Awesome
Equations - a function definition plugin.
Copyright 2009-2022 Matthieu Sozeau matthieu.sozeau@inria.fr
Copyright 2015-2018 Cyprien Mangin cyprien.mangin@m4x.org
Distributed under the terms of the GNU Lesser General Public License Version 2.1 or later (see LICENSE for details).
Equations provides a notation for writing programs by dependent
pattern-matching and (well-founded) recursion
in Coq. It compiles everything down to
eliminators for inductive types, equality and accessibility,
providing a definitional extension to the Coq kernel.
The plugin can be used with Coq's standard logic in Prop
for a proof-irrelevant, erasable interpretation of pattern-matching,
or with a polymorphic logic in Type
or re-using the prelude
of the HoTT/Coq library for a
proof-relevant interpretation. In all cases, the resulting
definitions are axiom-free.
Table of Contents
Learning Equations
- You can discover and learn Equations through interactive tutorials directly in your browser, or locally with Equations installed.
Documentation
-
The reference manual provides a summary of the commands and options, and a brief introduction. This introduction can also be followed interactively with Equations installed, equations_intro.v or interactively in your browser.
-
A gallery of examples provides more consequent developments using Equations.
Papers and presentations
-
Equations Reloaded: High-Level Dependently-Typed Functional Programming and Proving in Coq. Matthieu Sozeau and Cyprien Mangin. In: Proc. ACM Program. Lang. 3, ICFP, Article 86 (August 2019), 29 pages. DOI, slides.
This presents version 1.2 and above of the package. See Equations Reloaded for associated material, including a VM to run the examples.
-
Equations for HoTT. Matthieu Sozeau, Talk given at the Homotopy Type Theory 2019 Conference in Pittsburgh, PA, August 2019.
This explains the no-confusion principle and strong equivalences used by Equations and Jesper Cockx's version of dependent pattern-matching in Agda in terms of HoTT.
-
Equations for Hereditary Substitution in Leivant's Predicative System F: A Case Study. Cyprien Mangin and Matthieu Sozeau. In: Proceedings Tenth International Workshop on Logical Frameworks and Meta Languages: Theory and Practice. Volume 185 of EPTCS. May 2015 - LFMTP'15.
This is a case study on a proof of normalization for an hereditary substitution procedure on a variant of System F.
-
Equations: A Dependent Pattern-Matching Compiler Matthieu Sozeau (2010) In: Kaufmann M., Paulson L.C. (eds) Interactive Theorem Proving. ITP 2010. Lecture Notes in Computer Science, vol 6172. Springer, Berlin, Heidelberg.
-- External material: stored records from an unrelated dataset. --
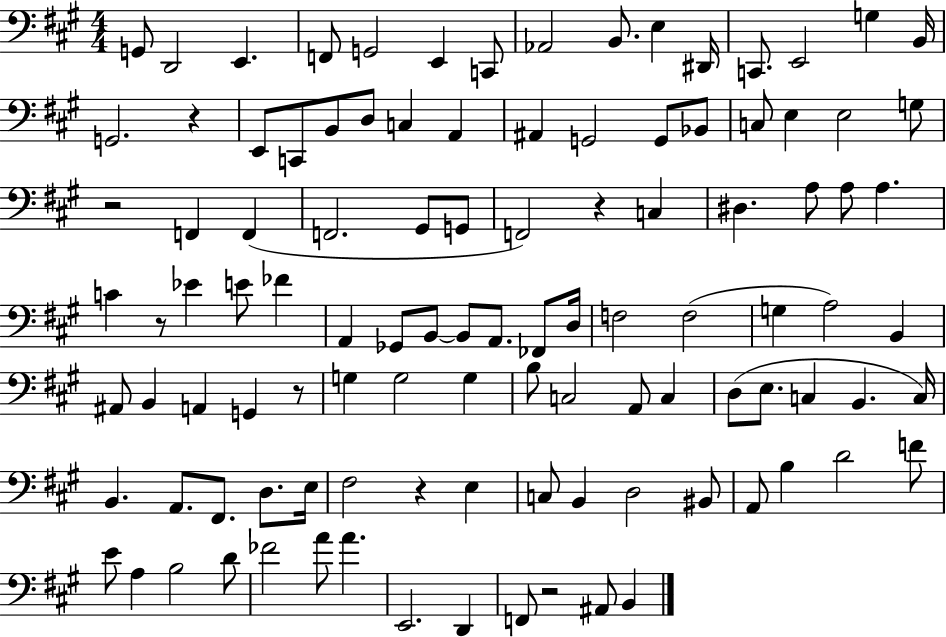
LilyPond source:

{
  \clef bass
  \numericTimeSignature
  \time 4/4
  \key a \major
  g,8 d,2 e,4. | f,8 g,2 e,4 c,8 | aes,2 b,8. e4 dis,16 | c,8. e,2 g4 b,16 | \break g,2. r4 | e,8 c,8 b,8 d8 c4 a,4 | ais,4 g,2 g,8 bes,8 | c8 e4 e2 g8 | \break r2 f,4 f,4( | f,2. gis,8 g,8 | f,2) r4 c4 | dis4. a8 a8 a4. | \break c'4 r8 ees'4 e'8 fes'4 | a,4 ges,8 b,8~~ b,8 a,8. fes,8 d16 | f2 f2( | g4 a2) b,4 | \break ais,8 b,4 a,4 g,4 r8 | g4 g2 g4 | b8 c2 a,8 c4 | d8( e8. c4 b,4. c16) | \break b,4. a,8. fis,8. d8. e16 | fis2 r4 e4 | c8 b,4 d2 bis,8 | a,8 b4 d'2 f'8 | \break e'8 a4 b2 d'8 | fes'2 a'8 a'4. | e,2. d,4 | f,8 r2 ais,8 b,4 | \break \bar "|."
}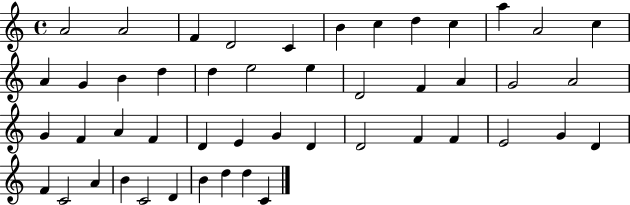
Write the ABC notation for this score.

X:1
T:Untitled
M:4/4
L:1/4
K:C
A2 A2 F D2 C B c d c a A2 c A G B d d e2 e D2 F A G2 A2 G F A F D E G D D2 F F E2 G D F C2 A B C2 D B d d C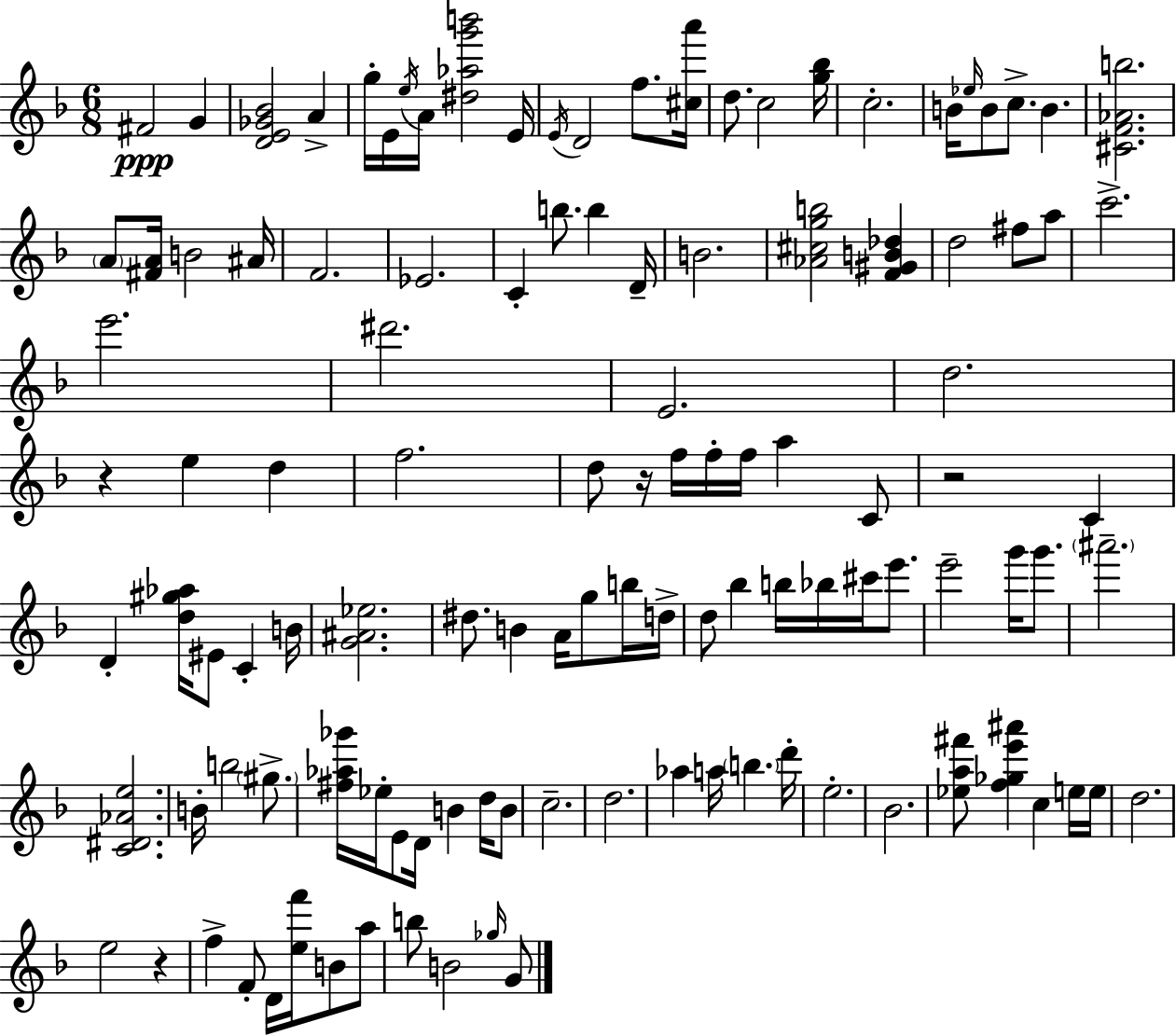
X:1
T:Untitled
M:6/8
L:1/4
K:F
^F2 G [DE_G_B]2 A g/4 E/4 e/4 A/4 [^d_ag'b']2 E/4 E/4 D2 f/2 [^ca']/4 d/2 c2 [g_b]/4 c2 B/4 _e/4 B/2 c/2 B [^CF_Ab]2 A/2 [^FA]/4 B2 ^A/4 F2 _E2 C b/2 b D/4 B2 [_A^cgb]2 [F^GB_d] d2 ^f/2 a/2 c'2 e'2 ^d'2 E2 d2 z e d f2 d/2 z/4 f/4 f/4 f/4 a C/2 z2 C D [d^g_a]/4 ^E/2 C B/4 [G^A_e]2 ^d/2 B A/4 g/2 b/4 d/4 d/2 _b b/4 _b/4 ^c'/4 e'/2 e'2 g'/4 g'/2 ^a'2 [C^D_Ae]2 B/4 b2 ^g/2 [^f_a_g']/4 _e/4 E/2 D/4 B d/4 B/2 c2 d2 _a a/4 b d'/4 e2 _B2 [_ea^f']/2 [f_ge'^a'] c e/4 e/4 d2 e2 z f F/2 D/4 [ef']/4 B/2 a/2 b/2 B2 _g/4 G/2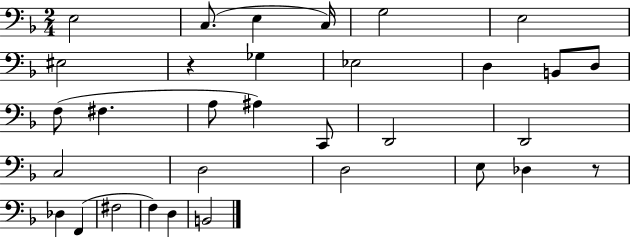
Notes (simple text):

E3/h C3/e. E3/q C3/s G3/h E3/h EIS3/h R/q Gb3/q Eb3/h D3/q B2/e D3/e F3/e F#3/q. A3/e A#3/q C2/e D2/h D2/h C3/h D3/h D3/h E3/e Db3/q R/e Db3/q F2/q F#3/h F3/q D3/q B2/h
This presents an earlier version of the package.
Installation
The latest version works with Coq 8.13 (branch 8.13), Coq 8.14 (branch 8.14), Coq 8.15 (branch 8.15), and the current Coq main branch (branch main).
See releases for sources and official releases.
Install with OPAM
This package is available on OPAM. Activate the Coq repository if you didn't do it yet:
opam repo add coq-released https://coq.inria.fr/opam/released
and run:
opam install coq-equations
To get the beta versions of Coq, activate the repository:
opam repo add coq-core-dev https://coq.inria.fr/opam/core-dev
To get the development version of Equations, activate the repository:
opam repo add coq-extra-dev https://coq.inria.fr/opam/extra-dev
Install from source
Alternatively, to compile Equations, simply run:
./configure.sh
make
in the toplevel directory, with coqc
and ocamlc
in your path.
Optionally, one can build the test-suite or examples:
make examples test-suite
Then add the paths to your .coqrc
:
Add ML Path "/Users/mat/research/coq/equations/src".
Add Rec LoadPath "/Users/mat/research/coq/equations/theories" as Equations.
Or install it:
make install
As usual, you will need to run this command with the appropriate privileges
if the version of Coq you are using is installed system-wide, rather than
in your own directory. E.g. on Ubuntu, you would prefix the command with
sudo
and then enter your user account password when prompted.
HoTT Variant
The HoTT variant of Equations works with the coq-hott library for Coq 8.13 and up. When using opam
, simply install first the coq-hott
library and coq-equations
will install its HoTT variant. From source, first
install coq-hott
and then use:
./configure.sh --enable-hott
This will compile the HoTT
library variant in addition to the standard one.
Then, after make install
, one can import the plugin in Coq, using:
From Equations Require Import HoTT.All.